TASK BRIEF: Go through the listing below and retype exactly the lines starting at the one with "Basilika Sainte Anne" and ending at the one with "Đồ Chơi Cát", skipping pictures.

◇ ◇ ◇ ◇

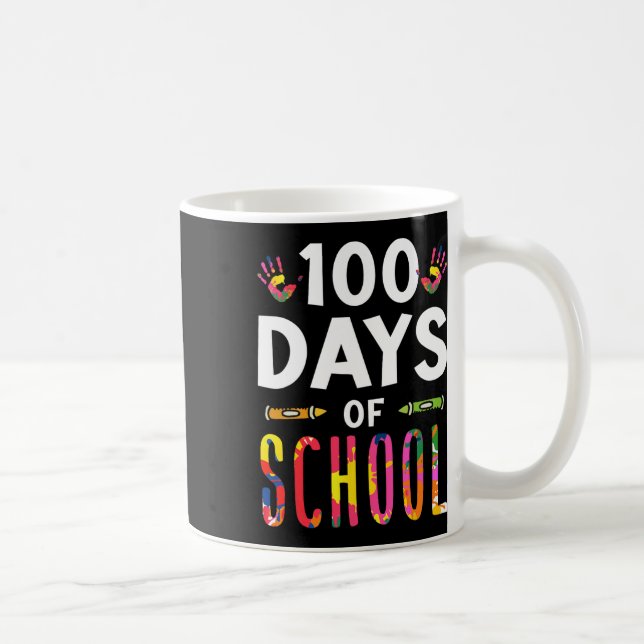 100 dagars Ord Cute Team Sweet Kaffemugg (Höger)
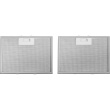 Whirlpool AKR 685/1 IX Wall-mounted Stainless steel 395 m³/h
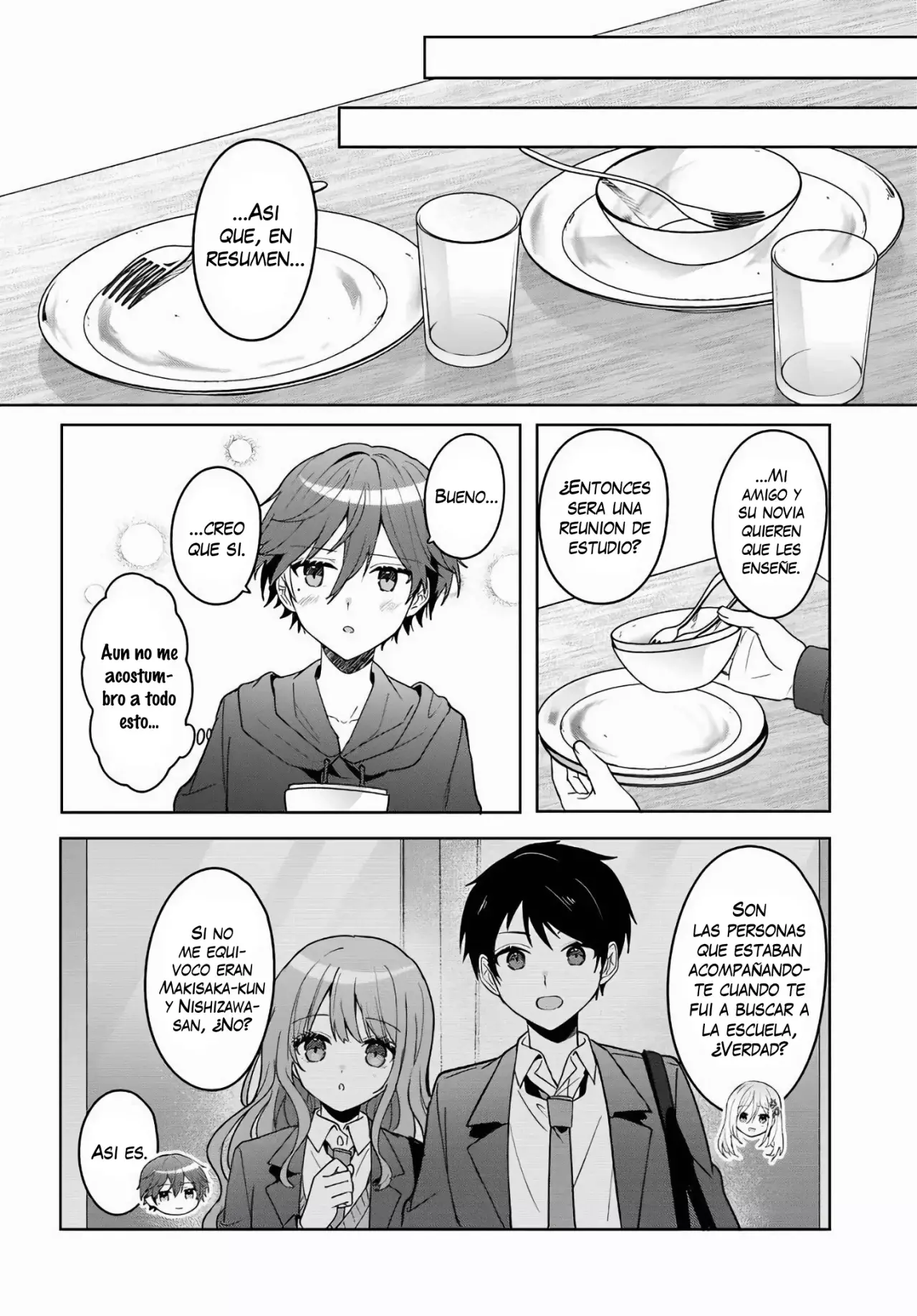 Takō No `hiki' O Tasuketara Tomodachi To Shite Hajimeru Koto Ni Shita - Capítulo 10.2 - Página 1 - LectorTMOo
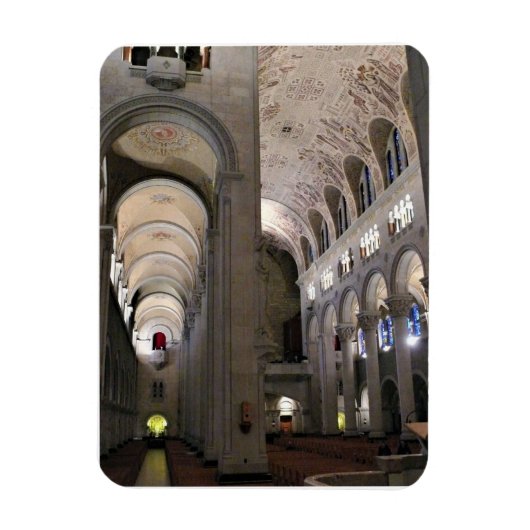 Basilika Sainte Anne de Beaupre, Quebec, Kanada Magnet (Vertikal)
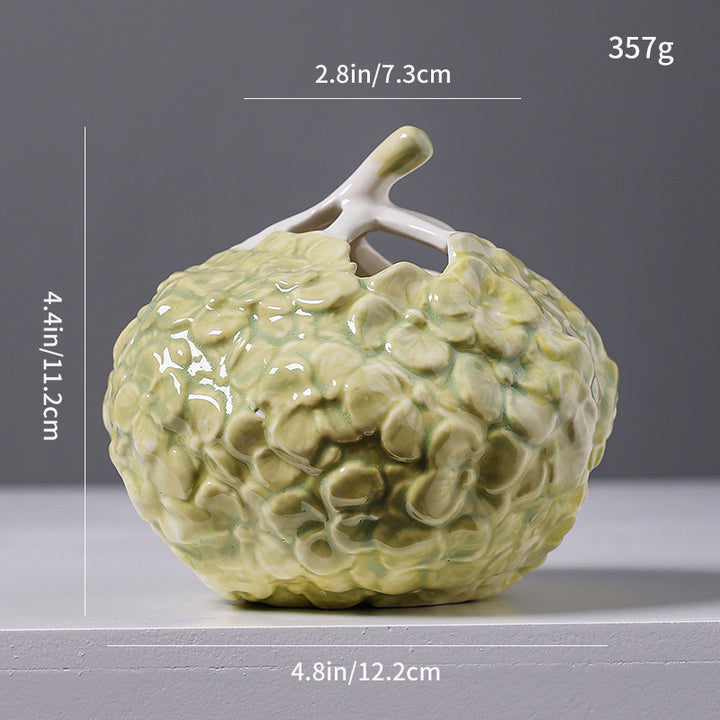Decorative Floral Ceramic Kalsten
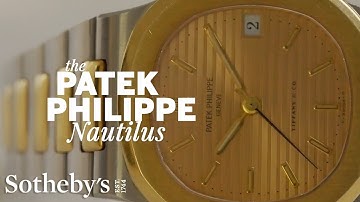 Dive into the History of One of the Most Coveted Timepieces: The Patek Philippe Nautilus | Sotheby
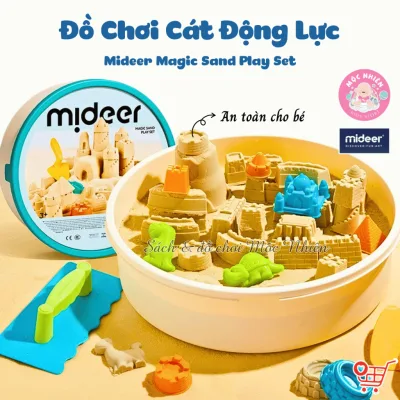 Đồ Chơi Cát Động Lực An Toàn Cho Bé Mideer Magic Sand - Dành Cho Bé Từ 3 Tuổi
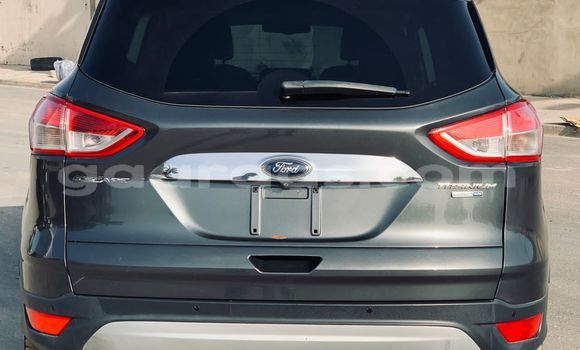 Dieundeu Imported Ford Escape Black Auto in Dakar in Dakar Dieundeu Imported Ford Escape Black Auto in Dakar in Dakar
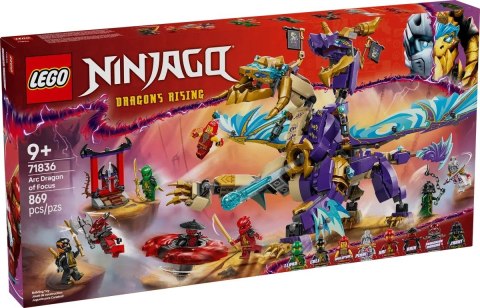 LEGO NINJAGO 71836 Arcysmok skupienia (WYPRZEDAŻ)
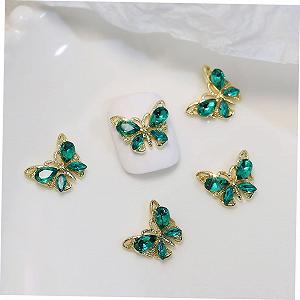 Аксессуары для дизайна ногтей Mikinona, для мобильного телефона, сумки, чехла для карт, лака для ногтей, камни для ногтей, лак для ногтей, бабочки, украшения для ногтей, 3D подвески для ногтей, смола, 30 шт synthetic.ua - Фото 1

◇ ◇ ◇ ◇

THE COMPLETED TASK:
 Basilika Sainte Anne de Beaupre, Quebec, Kanada Magnet (Vertikal)
Decorative Floral Ceramic Kalsten
 Dive into the History of One of the Most Coveted Timepieces: The Patek Philippe Nautilus | Sotheby
 Đồ Chơi Cát Động Lực An Toàn Cho Bé Mideer Magic Sand - Dành Cho Bé Từ 3 Tuổi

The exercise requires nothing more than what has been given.